• EXERCISE DIRECTIONS: Records follow. Print exactly the lines from the one that has "Closeup of a" through the one that has "The Evolution of", inclusive, and omit the pictures.

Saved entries
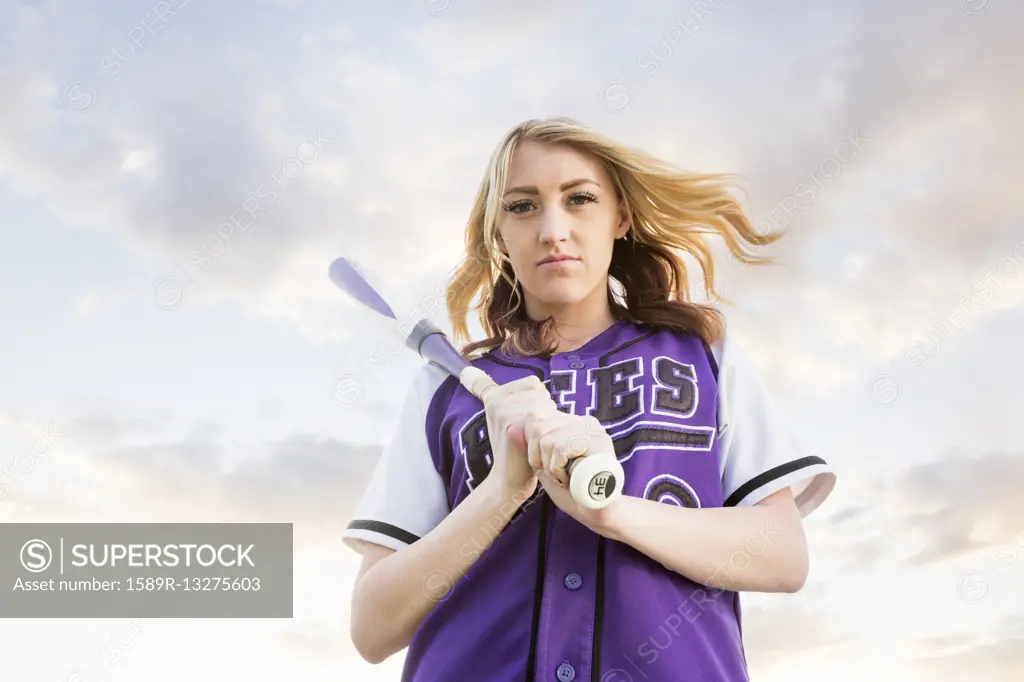 Caucasian teenage girl wearing softball uniform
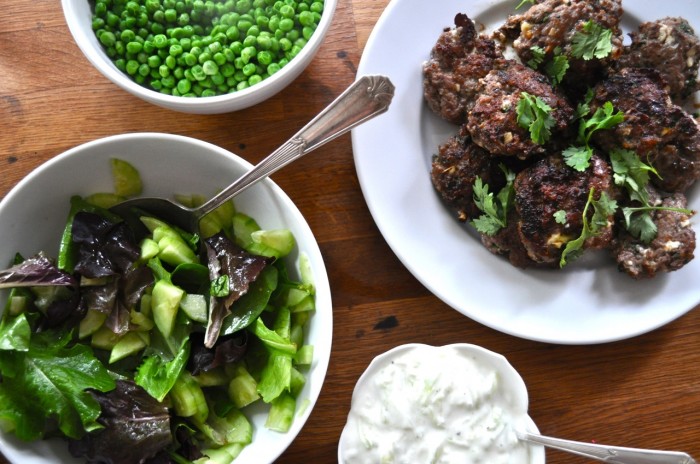 lamb and feta burgers, tzatziki, cucumber salad, and peas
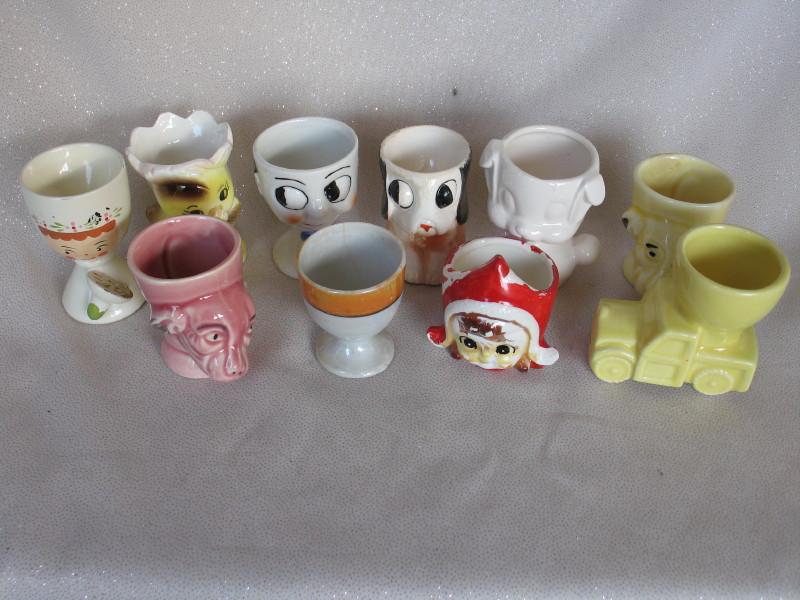 Forty Egg Cups:- includes mostly Japan, Kitsch, Mulga wood, animals, googly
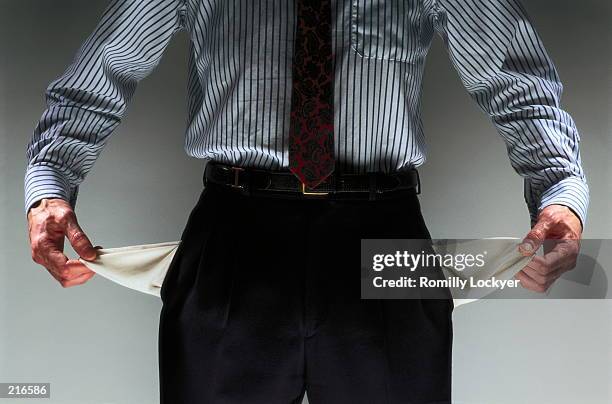 man holding out empty pants pockets - faillissement stockfoto's en -beelden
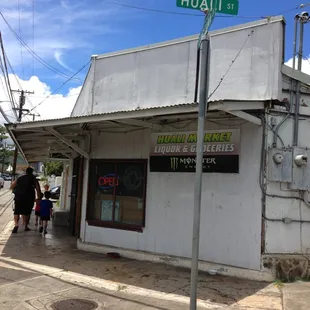 people walking in front of the store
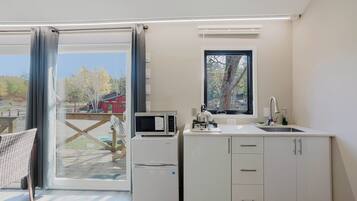 Cocina compacta con microondas, refrigerador, pileta y ventana con vista a una terraza.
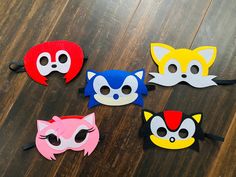 five masks with different colored faces on a wooden surface, one has eyes and the other has ears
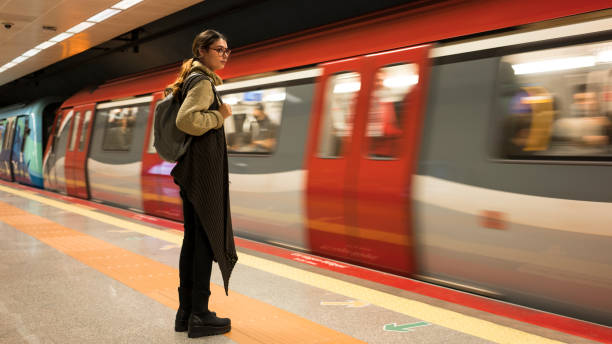 istock Woman is waiting for train in subway 1096040884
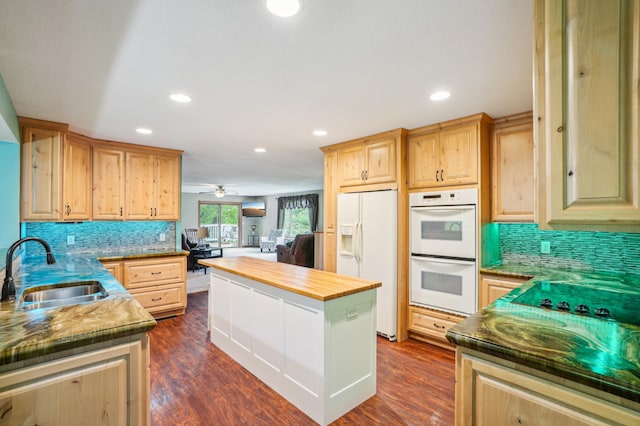 W10005 710th Ave, River Falls, WI 54022 - kitchen featuring white appliances, a sink, butcher block countertops, decorative backsplash, and recessed lighting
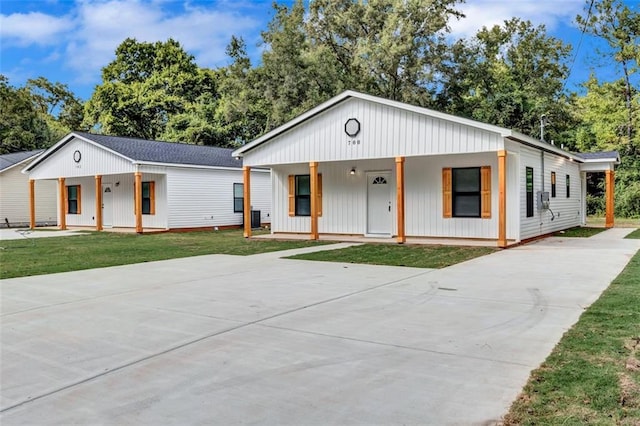 modern inspired farmhouse featuring a porch, a front yard, concrete driveway, and roof with shingles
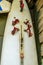 Closeup of a a white surfboard with red straps, surfing gear, equipment of a popular water sport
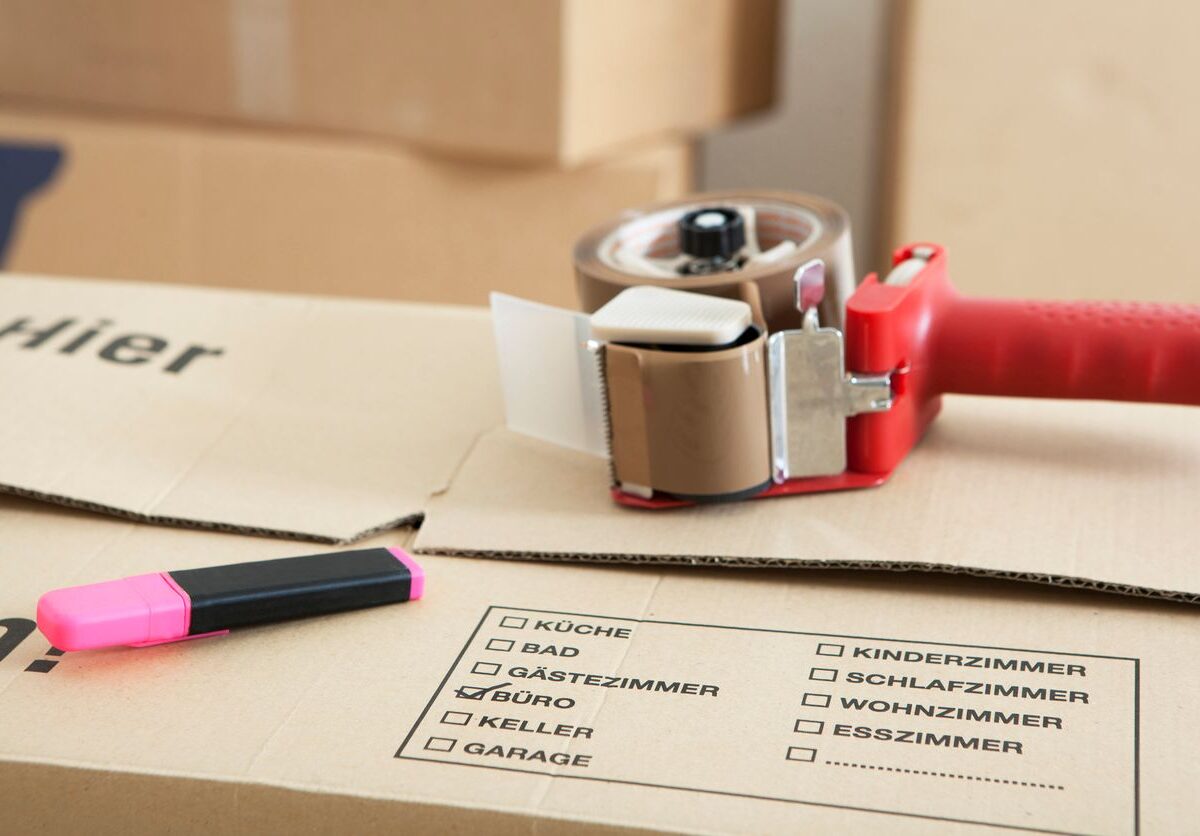 A couple of moving boxes with packaging tape.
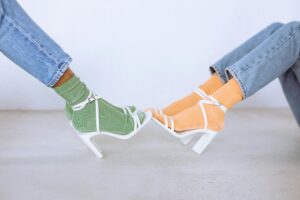 The Evolution of Socks - From Functional to Fashionable two ladies wear colorful socks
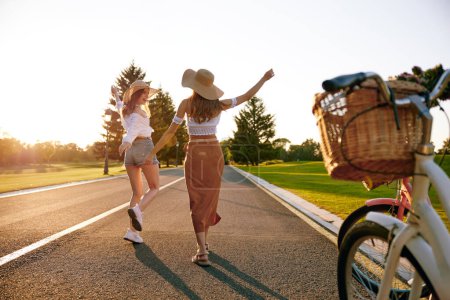 Photo for Young female friends enjoying road trip on bicycle spending weekend together. View on excited joyful teenager girls running on road and bike parked at sidewalk - Royalty Free Image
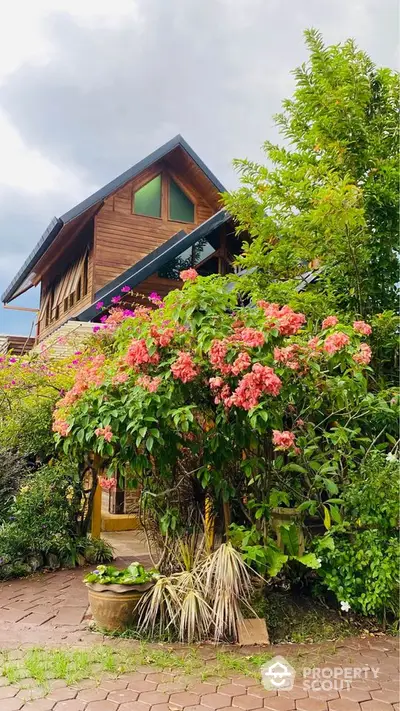 Charming wooden house with lush garden and vibrant flowers, perfect for nature lovers seeking tranquility.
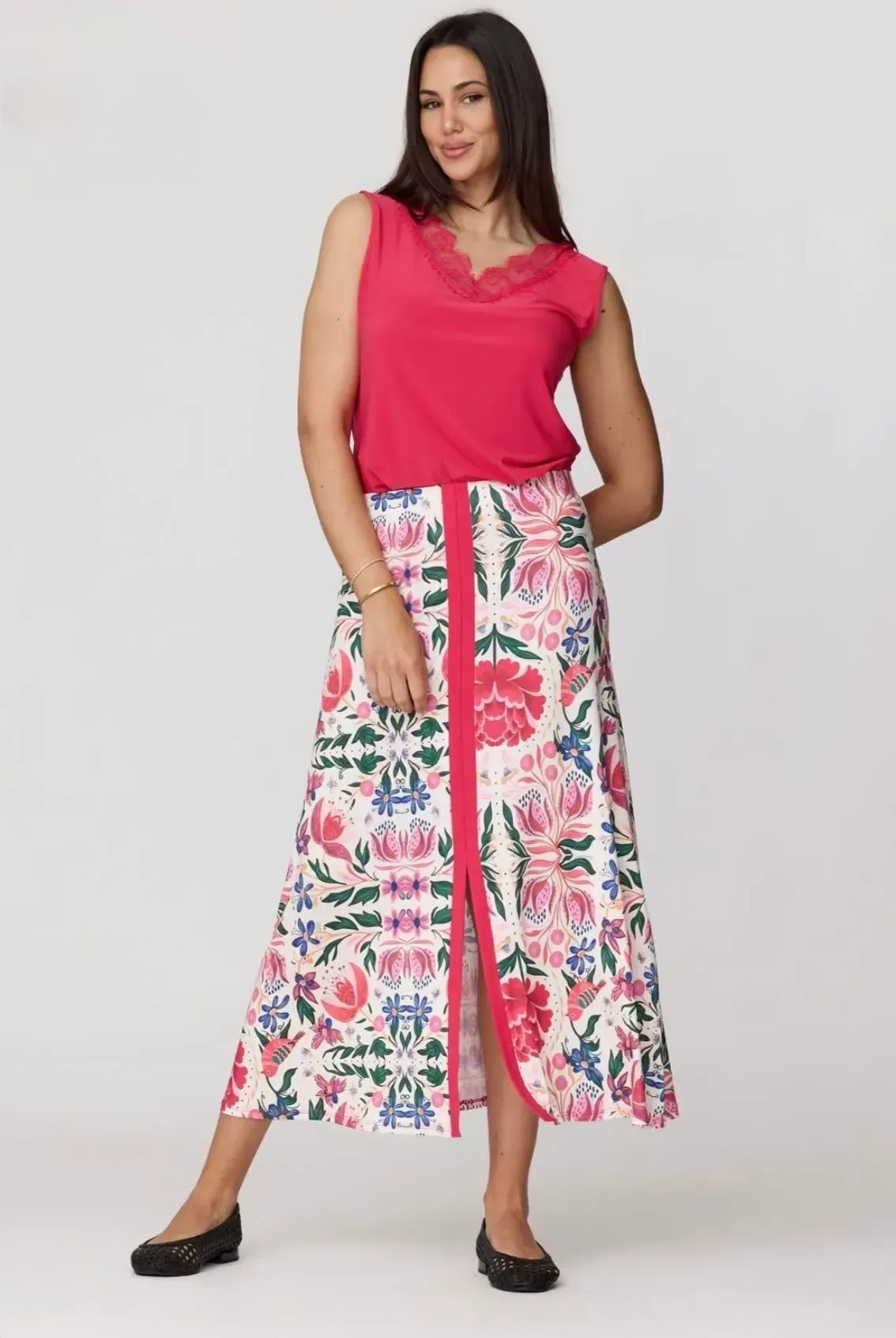 Mujer con top rosa y falda floral posando en un estudio con zapatos planos negros.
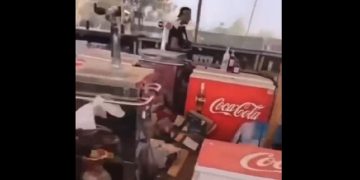 An Israeli man pictured walking through the concession area of a music festival attacked by Hamas terrorists on Oct. 7 in southern Israel.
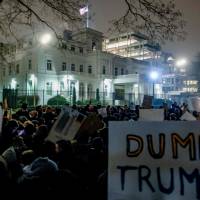 Protesters hold up signs against U.S. President Donald Trump in front of the U.S. Consulate General in the port city of Hamburg, northern Germany, on Tuesday. Criticism of Germany puts Trump administration on collision course with EU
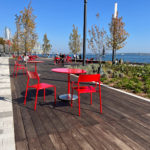 Maglin Foro tables and chairs at Bathurst Quay Commons on sunny day next to lake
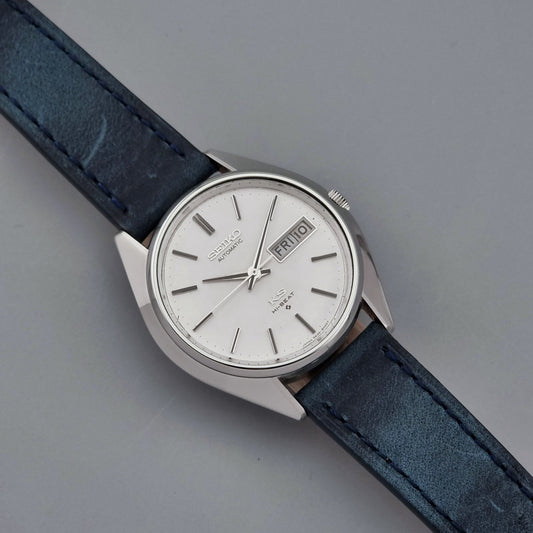 Vintage King Seiko Wristwatch 5626-8000 with a blue leather strap on a grey background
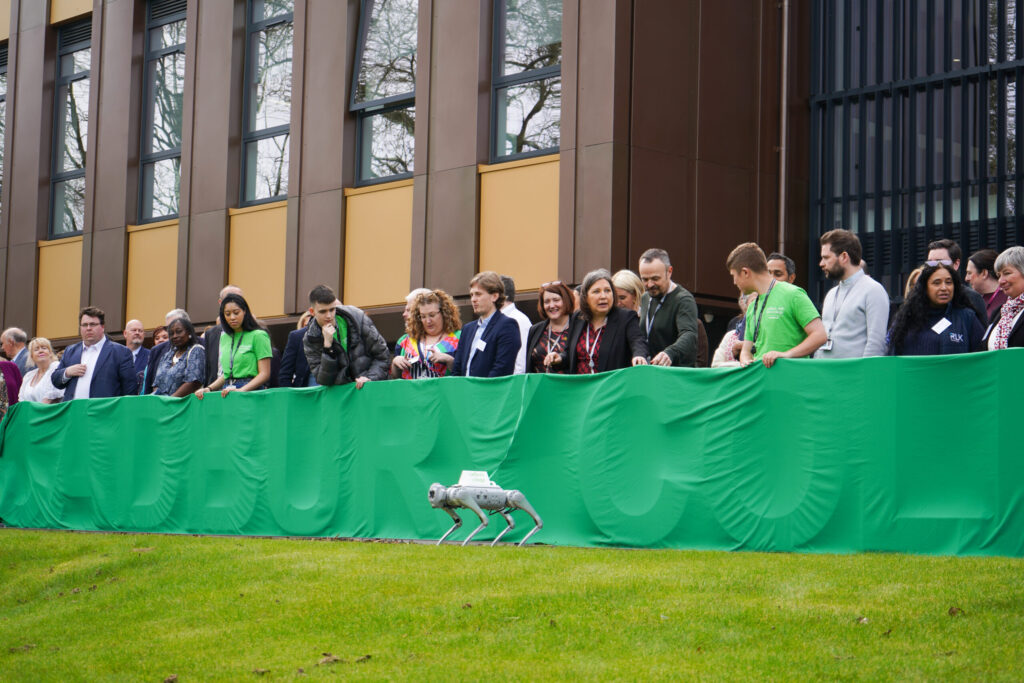 A robotic dog uncovers the Cadbury College sign at the campus launch
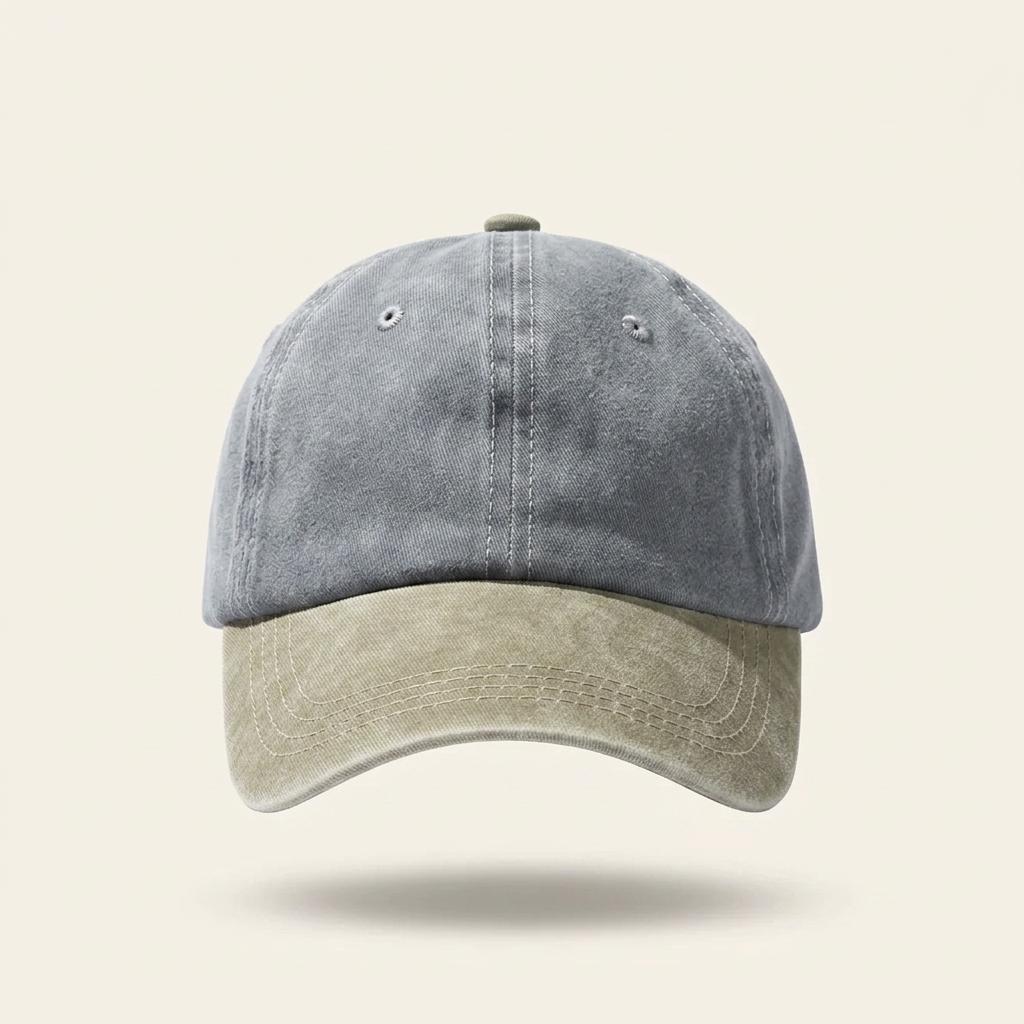 A washed dad hat baseball cap with a slate blue crown and a light beige brim, shown against a solid light beige background.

• OUTPUT:
 Closeup of a a white surfboard with red straps, surfing gear, equipment of a popular water sport
 A couple of moving boxes with packaging tape.
 The Evolution of Socks - From Functional to Fashionable two ladies wear colorful socks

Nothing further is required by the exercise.